[Supplied information]

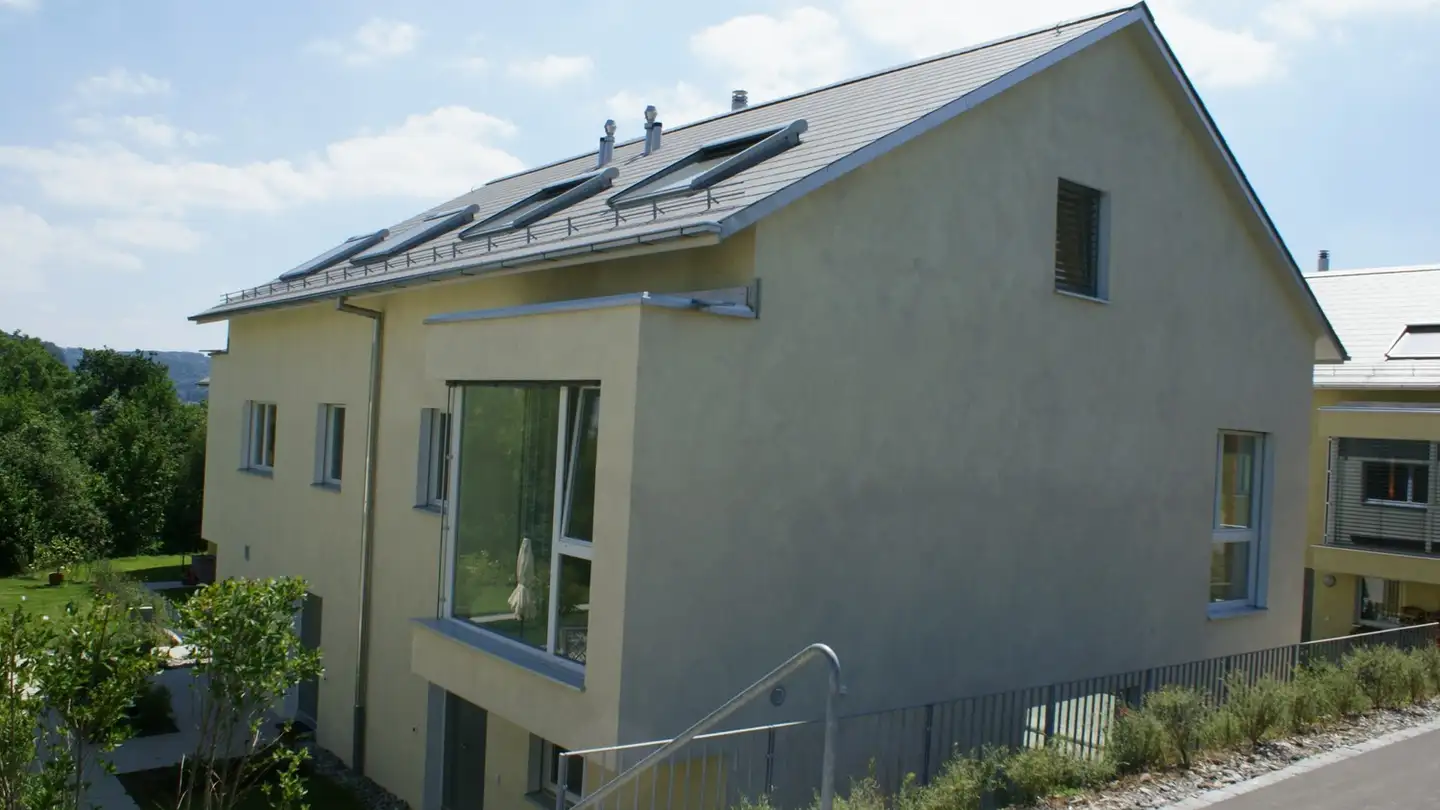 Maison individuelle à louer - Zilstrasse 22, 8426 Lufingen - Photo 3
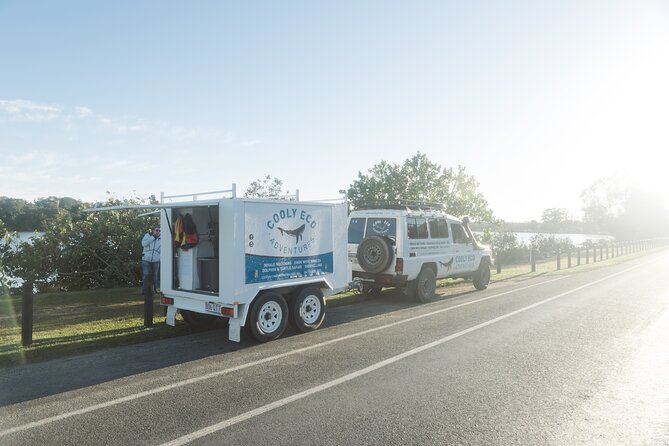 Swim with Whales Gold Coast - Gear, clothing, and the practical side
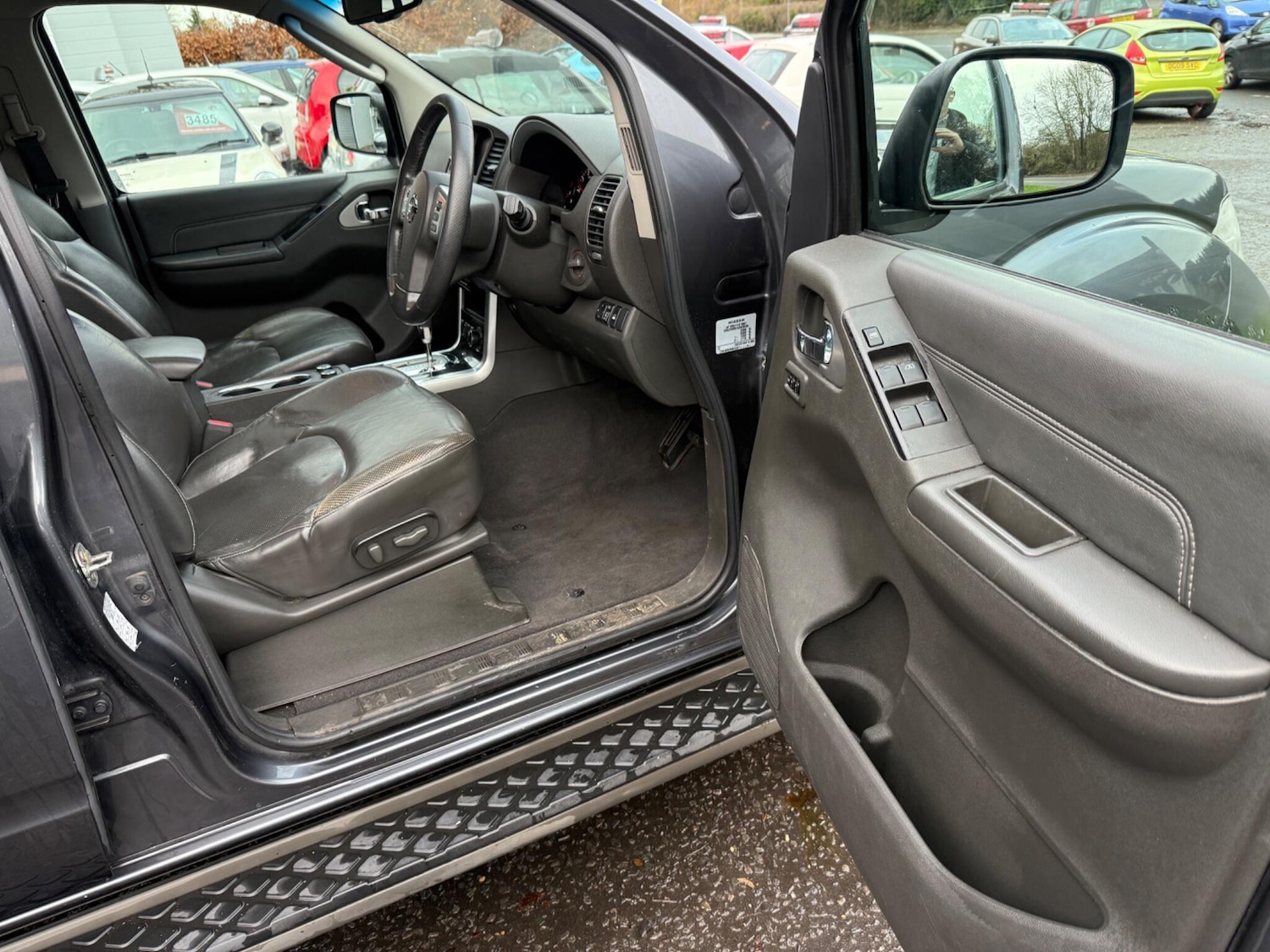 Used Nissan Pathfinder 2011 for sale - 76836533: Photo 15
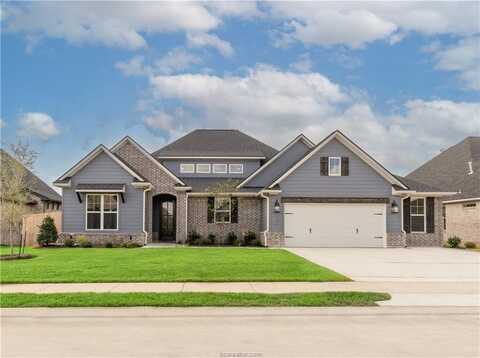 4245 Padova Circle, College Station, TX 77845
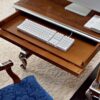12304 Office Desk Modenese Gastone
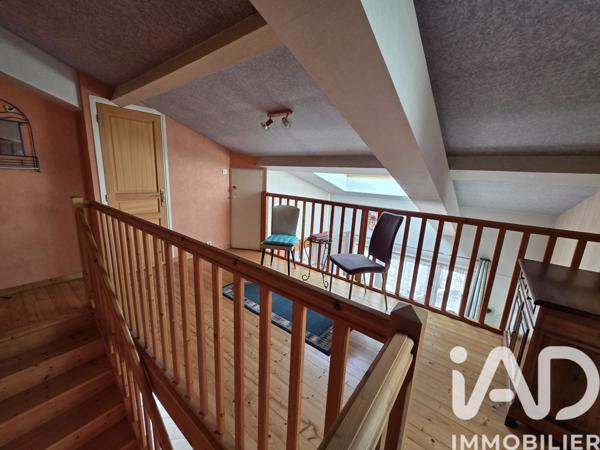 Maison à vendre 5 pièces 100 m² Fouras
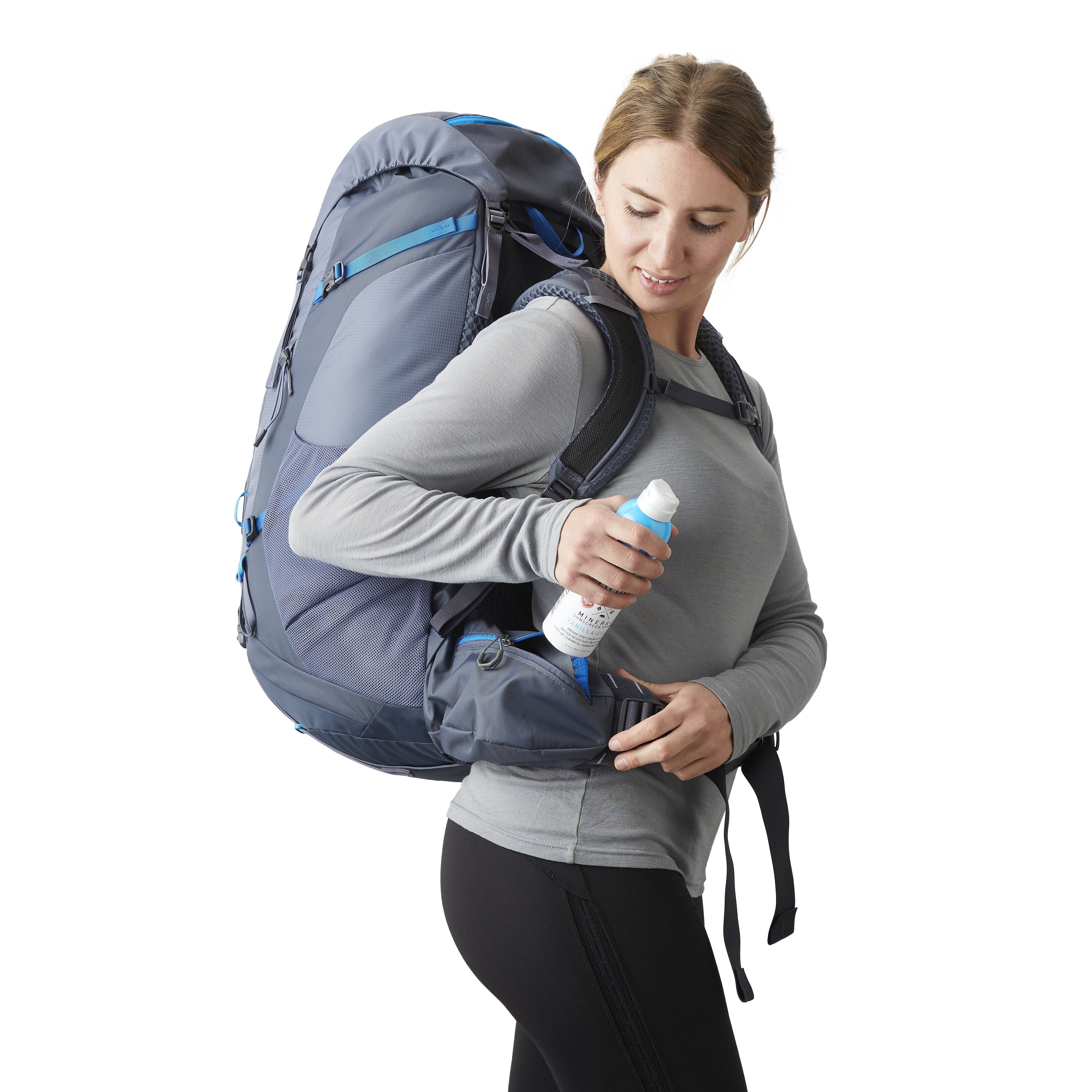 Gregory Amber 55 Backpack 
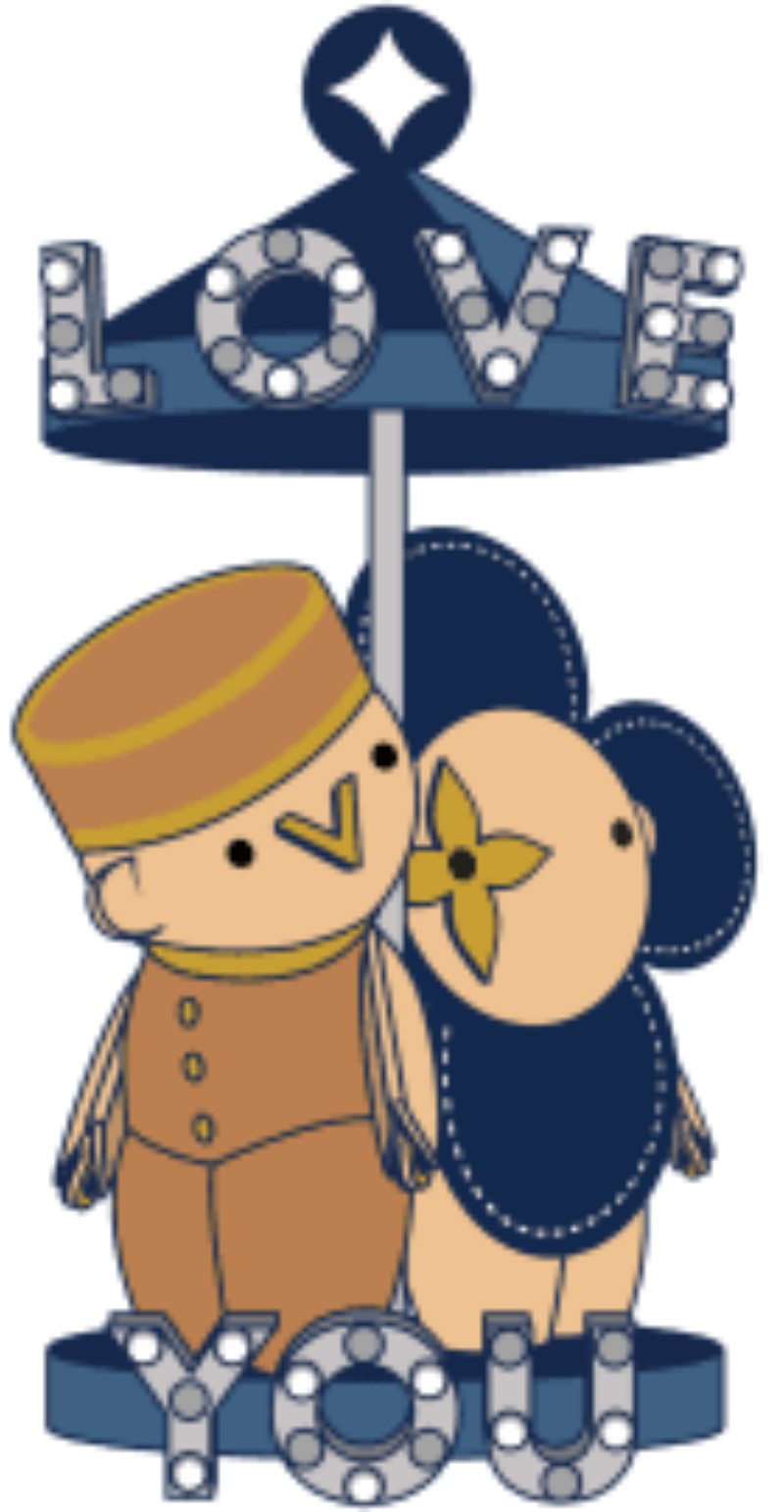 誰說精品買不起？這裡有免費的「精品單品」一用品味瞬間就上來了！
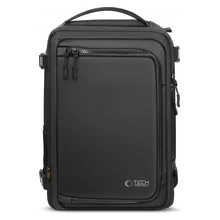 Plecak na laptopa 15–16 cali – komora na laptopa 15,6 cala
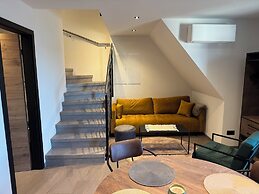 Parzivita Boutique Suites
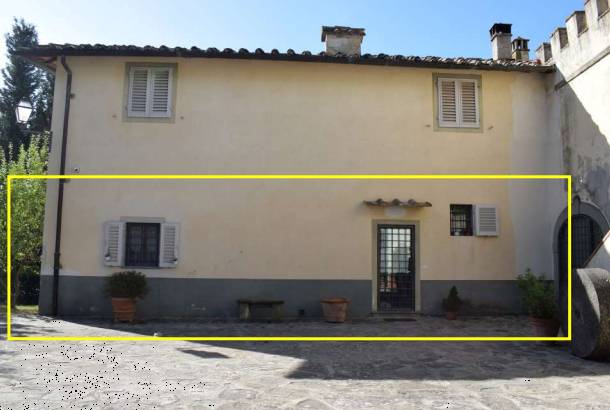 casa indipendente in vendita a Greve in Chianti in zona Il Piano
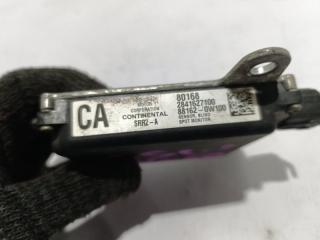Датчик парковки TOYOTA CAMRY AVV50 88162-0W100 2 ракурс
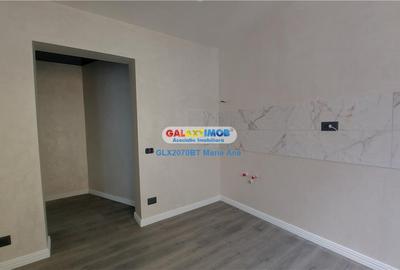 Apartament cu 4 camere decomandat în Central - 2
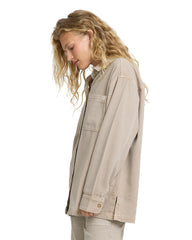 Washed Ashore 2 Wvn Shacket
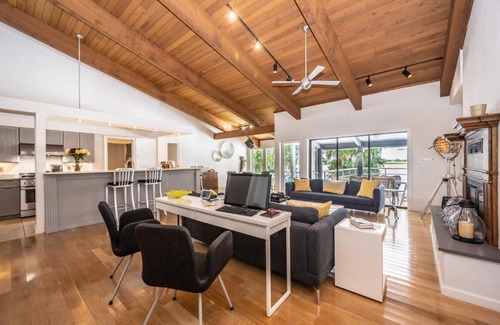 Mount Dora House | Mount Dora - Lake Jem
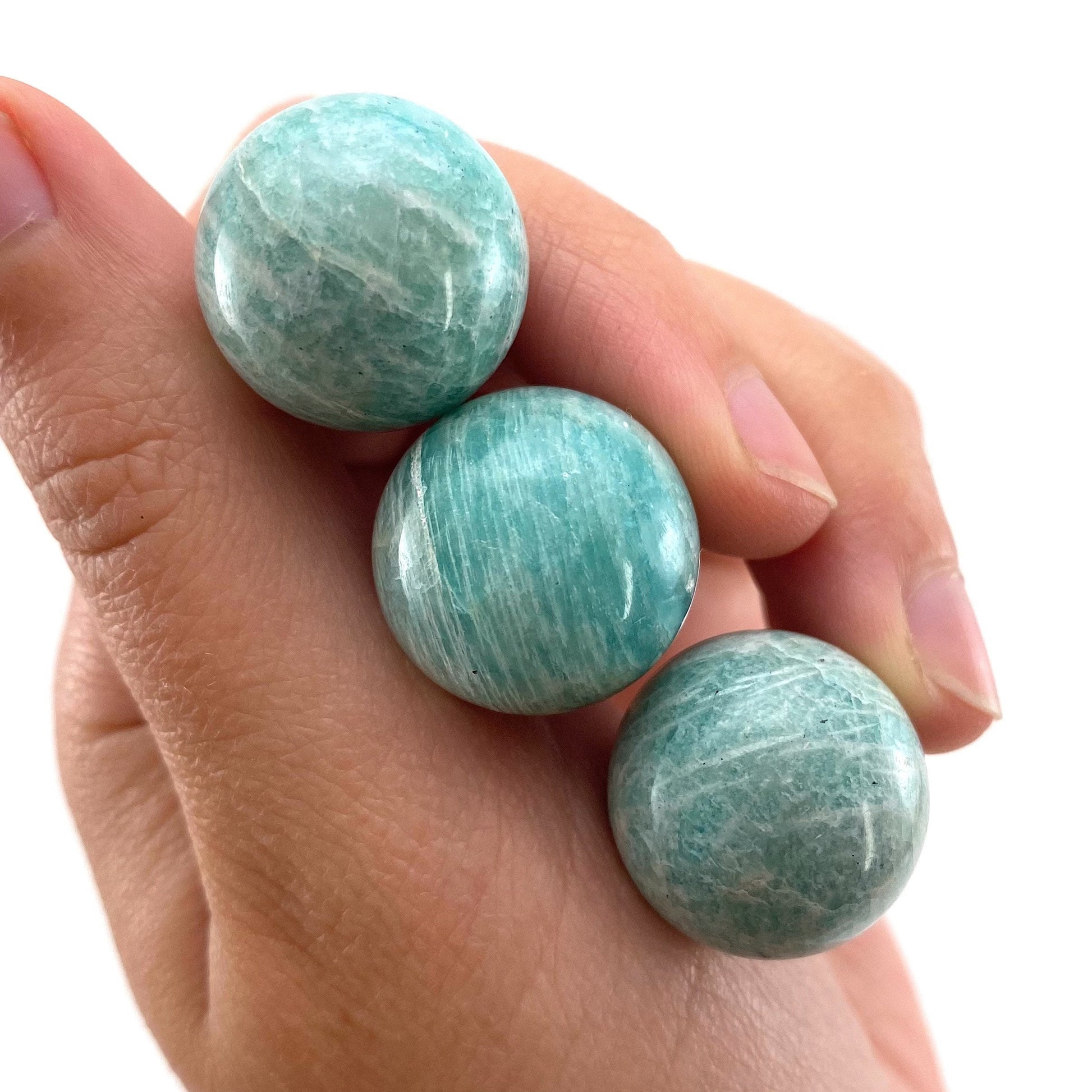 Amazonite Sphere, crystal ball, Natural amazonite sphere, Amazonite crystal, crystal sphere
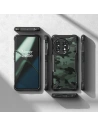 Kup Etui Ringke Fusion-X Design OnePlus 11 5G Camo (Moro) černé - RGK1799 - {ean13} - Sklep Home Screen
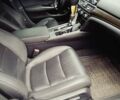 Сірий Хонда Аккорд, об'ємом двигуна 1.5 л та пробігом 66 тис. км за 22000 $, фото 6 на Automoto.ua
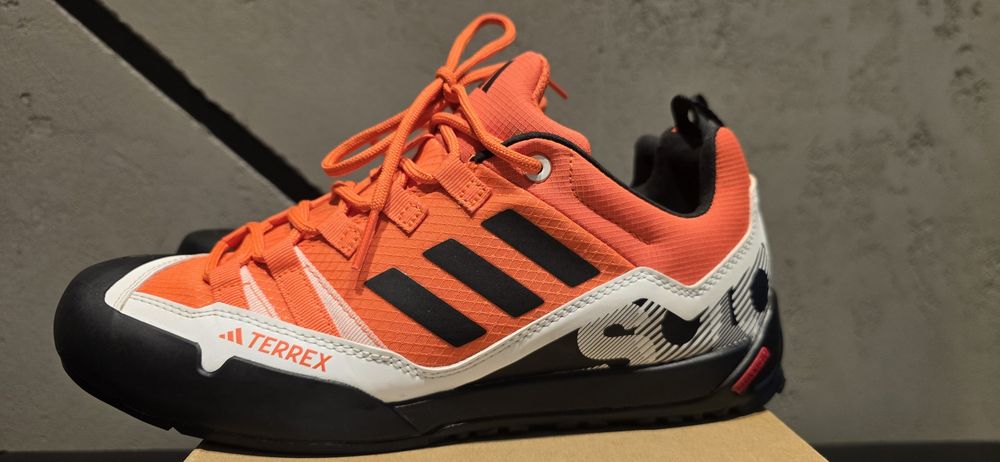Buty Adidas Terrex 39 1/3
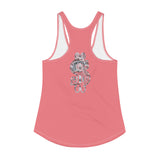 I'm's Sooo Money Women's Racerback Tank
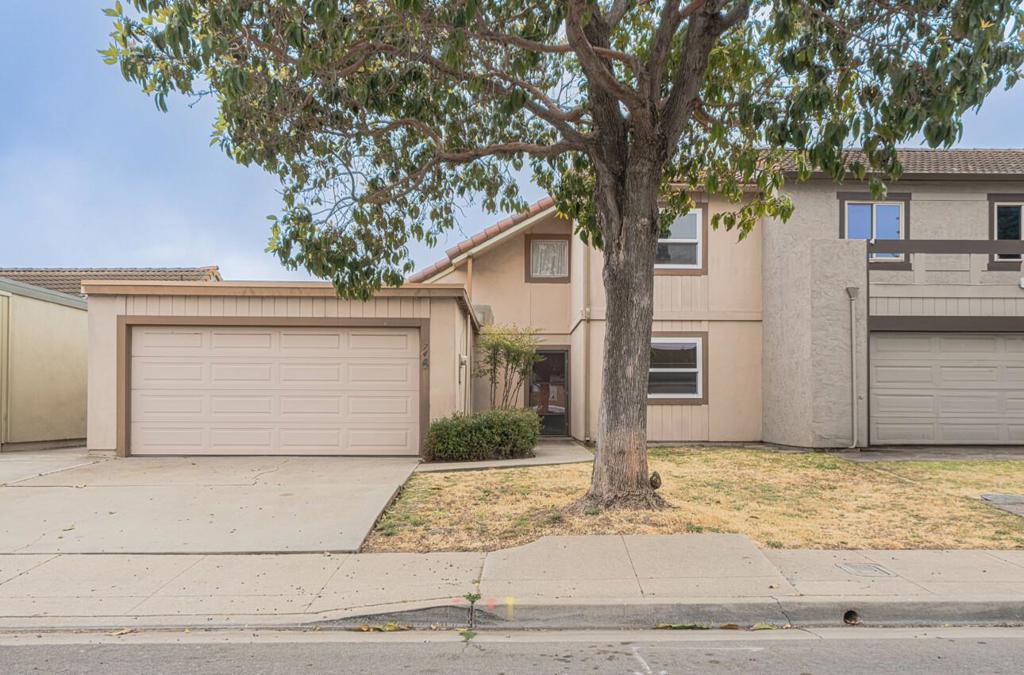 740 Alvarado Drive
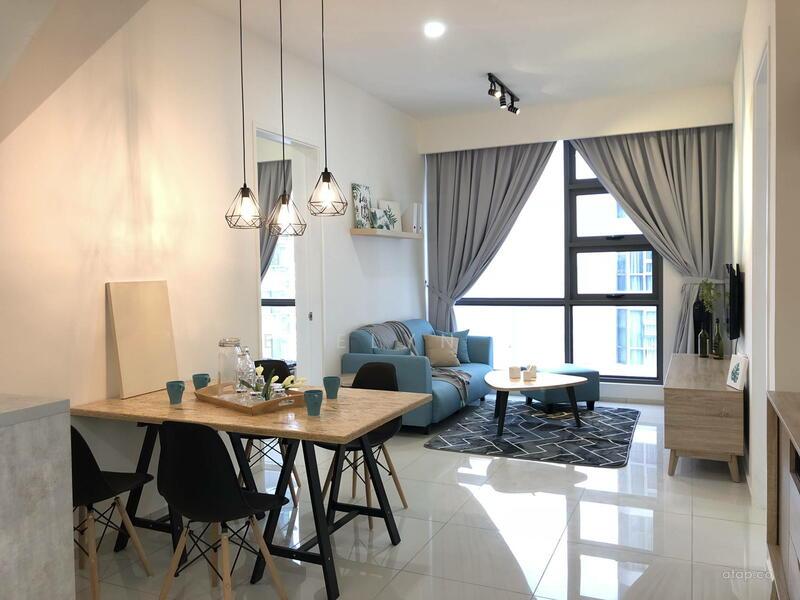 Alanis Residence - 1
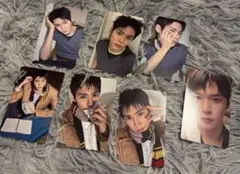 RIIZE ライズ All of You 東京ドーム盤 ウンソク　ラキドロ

[/Supplied information]

• **Assignment**
Go back to the listing above and reproduce, exactly, the stretch from the line bearing "Washed Ashore 2 Wvn Shacket" through the line bearing "Alanis Residence - 1", without its pictures.

• **Answer to this problem**
 Washed Ashore 2 Wvn Shacket
 Mount Dora House | Mount Dora - Lake Jem
 Amazonite Sphere, crystal ball, Natural amazonite sphere, Amazonite crystal, crystal sphere
 Kup Etui Ringke Fusion-X Design OnePlus 11 5G Camo (Moro) černé - RGK1799 - {ean13} - Sklep Home Screen
 Сірий Хонда Аккорд, об'ємом двигуна 1.5 л та пробігом 66 тис. км за 22000 $, фото 6 на Automoto.ua
Buty Adidas Terrex 39 1/3
 I'm's Sooo Money Women's Racerback Tank
 740 Alvarado Drive
 Alanis Residence - 1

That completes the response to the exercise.